Records shown →
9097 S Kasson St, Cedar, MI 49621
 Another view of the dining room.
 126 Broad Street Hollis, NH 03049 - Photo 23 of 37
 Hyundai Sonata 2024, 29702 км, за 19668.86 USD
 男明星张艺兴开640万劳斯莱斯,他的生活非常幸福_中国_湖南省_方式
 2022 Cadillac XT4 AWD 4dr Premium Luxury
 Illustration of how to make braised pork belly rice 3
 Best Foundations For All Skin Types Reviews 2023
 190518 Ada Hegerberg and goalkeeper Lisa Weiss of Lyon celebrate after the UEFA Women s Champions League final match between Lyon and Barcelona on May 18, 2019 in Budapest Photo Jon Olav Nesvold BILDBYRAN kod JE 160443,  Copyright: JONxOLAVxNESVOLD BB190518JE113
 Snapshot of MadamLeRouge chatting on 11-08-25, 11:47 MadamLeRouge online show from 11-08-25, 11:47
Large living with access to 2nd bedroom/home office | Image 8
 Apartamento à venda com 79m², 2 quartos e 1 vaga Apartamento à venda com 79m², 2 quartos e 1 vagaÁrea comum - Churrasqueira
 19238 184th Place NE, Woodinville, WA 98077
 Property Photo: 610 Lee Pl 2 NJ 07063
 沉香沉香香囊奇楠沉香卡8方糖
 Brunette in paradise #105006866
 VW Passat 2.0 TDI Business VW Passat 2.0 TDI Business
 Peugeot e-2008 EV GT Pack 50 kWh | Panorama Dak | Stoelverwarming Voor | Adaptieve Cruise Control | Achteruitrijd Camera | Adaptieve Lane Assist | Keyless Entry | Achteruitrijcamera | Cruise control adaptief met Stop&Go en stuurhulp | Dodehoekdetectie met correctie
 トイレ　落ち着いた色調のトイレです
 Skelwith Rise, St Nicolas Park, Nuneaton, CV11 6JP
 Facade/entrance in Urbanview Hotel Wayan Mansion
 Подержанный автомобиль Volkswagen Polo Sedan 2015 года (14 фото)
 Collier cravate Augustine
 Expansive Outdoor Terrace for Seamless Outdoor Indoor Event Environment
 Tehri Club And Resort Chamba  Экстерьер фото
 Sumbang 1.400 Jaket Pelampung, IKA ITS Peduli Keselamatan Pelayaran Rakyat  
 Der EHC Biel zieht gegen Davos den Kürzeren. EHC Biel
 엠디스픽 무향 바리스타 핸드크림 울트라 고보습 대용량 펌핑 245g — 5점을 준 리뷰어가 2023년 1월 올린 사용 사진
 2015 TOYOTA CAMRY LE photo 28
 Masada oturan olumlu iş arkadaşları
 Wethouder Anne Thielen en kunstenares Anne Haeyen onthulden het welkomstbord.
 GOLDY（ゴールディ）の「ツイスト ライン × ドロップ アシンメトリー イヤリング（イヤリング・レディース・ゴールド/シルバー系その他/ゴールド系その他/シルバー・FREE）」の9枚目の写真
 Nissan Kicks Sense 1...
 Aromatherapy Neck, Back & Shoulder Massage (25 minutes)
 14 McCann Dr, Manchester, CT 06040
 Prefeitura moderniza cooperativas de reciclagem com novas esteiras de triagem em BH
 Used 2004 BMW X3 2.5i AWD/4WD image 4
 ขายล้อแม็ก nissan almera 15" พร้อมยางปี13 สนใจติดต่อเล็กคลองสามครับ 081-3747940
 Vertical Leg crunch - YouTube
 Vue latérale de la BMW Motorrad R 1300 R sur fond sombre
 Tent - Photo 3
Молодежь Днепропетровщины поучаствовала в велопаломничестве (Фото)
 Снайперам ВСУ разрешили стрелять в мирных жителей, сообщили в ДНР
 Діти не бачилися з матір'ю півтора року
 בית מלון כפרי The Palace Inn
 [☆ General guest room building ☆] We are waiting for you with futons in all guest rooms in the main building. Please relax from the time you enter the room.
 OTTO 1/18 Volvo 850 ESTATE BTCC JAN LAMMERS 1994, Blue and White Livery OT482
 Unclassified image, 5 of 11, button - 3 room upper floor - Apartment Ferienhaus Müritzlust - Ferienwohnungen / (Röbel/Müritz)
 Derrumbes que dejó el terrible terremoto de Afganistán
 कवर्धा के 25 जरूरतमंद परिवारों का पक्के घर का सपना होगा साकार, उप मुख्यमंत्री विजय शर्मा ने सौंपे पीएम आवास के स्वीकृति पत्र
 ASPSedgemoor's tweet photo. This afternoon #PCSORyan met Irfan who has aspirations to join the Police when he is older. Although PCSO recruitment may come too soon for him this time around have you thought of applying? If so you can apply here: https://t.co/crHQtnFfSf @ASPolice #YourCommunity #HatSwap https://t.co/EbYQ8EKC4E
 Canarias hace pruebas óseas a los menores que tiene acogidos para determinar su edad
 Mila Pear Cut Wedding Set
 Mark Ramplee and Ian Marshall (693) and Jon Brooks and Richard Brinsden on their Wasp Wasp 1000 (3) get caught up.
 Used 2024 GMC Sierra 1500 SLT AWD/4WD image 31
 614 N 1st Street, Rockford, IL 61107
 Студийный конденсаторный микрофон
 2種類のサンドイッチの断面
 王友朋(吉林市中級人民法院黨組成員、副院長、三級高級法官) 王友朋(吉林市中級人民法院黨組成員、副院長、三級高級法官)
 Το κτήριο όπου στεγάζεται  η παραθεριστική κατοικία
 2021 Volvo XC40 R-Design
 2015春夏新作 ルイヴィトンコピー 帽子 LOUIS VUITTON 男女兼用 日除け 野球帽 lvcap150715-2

Required action →
An exact copy of the lines above between the line holding "Hyundai Sonata 2024, 29702" and the line holding "Masada oturan olumlu iş arkadaşları", inclusive, is the whole answer.

Exercise answer →
 Hyundai Sonata 2024, 29702 км, за 19668.86 USD
 男明星张艺兴开640万劳斯莱斯,他的生活非常幸福_中国_湖南省_方式
 2022 Cadillac XT4 AWD 4dr Premium Luxury
 Illustration of how to make braised pork belly rice 3
 Best Foundations For All Skin Types Reviews 2023
 190518 Ada Hegerberg and goalkeeper Lisa Weiss of Lyon celebrate after the UEFA Women s Champions League final match between Lyon and Barcelona on May 18, 2019 in Budapest Photo Jon Olav Nesvold BILDBYRAN kod JE 160443,  Copyright: JONxOLAVxNESVOLD BB190518JE113
 Snapshot of MadamLeRouge chatting on 11-08-25, 11:47 MadamLeRouge online show from 11-08-25, 11:47
Large living with access to 2nd bedroom/home office | Image 8
 Apartamento à venda com 79m², 2 quartos e 1 vaga Apartamento à venda com 79m², 2 quartos e 1 vagaÁrea comum - Churrasqueira
 19238 184th Place NE, Woodinville, WA 98077
 Property Photo: 610 Lee Pl 2 NJ 07063
 沉香沉香香囊奇楠沉香卡8方糖
 Brunette in paradise #105006866
 VW Passat 2.0 TDI Business VW Passat 2.0 TDI Business
 Peugeot e-2008 EV GT Pack 50 kWh | Panorama Dak | Stoelverwarming Voor | Adaptieve Cruise Control | Achteruitrijd Camera | Adaptieve Lane Assist | Keyless Entry | Achteruitrijcamera | Cruise control adaptief met Stop&Go en stuurhulp | Dodehoekdetectie met correctie
 トイレ　落ち着いた色調のトイレです
 Skelwith Rise, St Nicolas Park, Nuneaton, CV11 6JP
 Facade/entrance in Urbanview Hotel Wayan Mansion
 Подержанный автомобиль Volkswagen Polo Sedan 2015 года (14 фото)
 Collier cravate Augustine
 Expansive Outdoor Terrace for Seamless Outdoor Indoor Event Environment
 Tehri Club And Resort Chamba  Экстерьер фото
 Sumbang 1.400 Jaket Pelampung, IKA ITS Peduli Keselamatan Pelayaran Rakyat  
 Der EHC Biel zieht gegen Davos den Kürzeren. EHC Biel
 엠디스픽 무향 바리스타 핸드크림 울트라 고보습 대용량 펌핑 245g — 5점을 준 리뷰어가 2023년 1월 올린 사용 사진
 2015 TOYOTA CAMRY LE photo 28
 Masada oturan olumlu iş arkadaşları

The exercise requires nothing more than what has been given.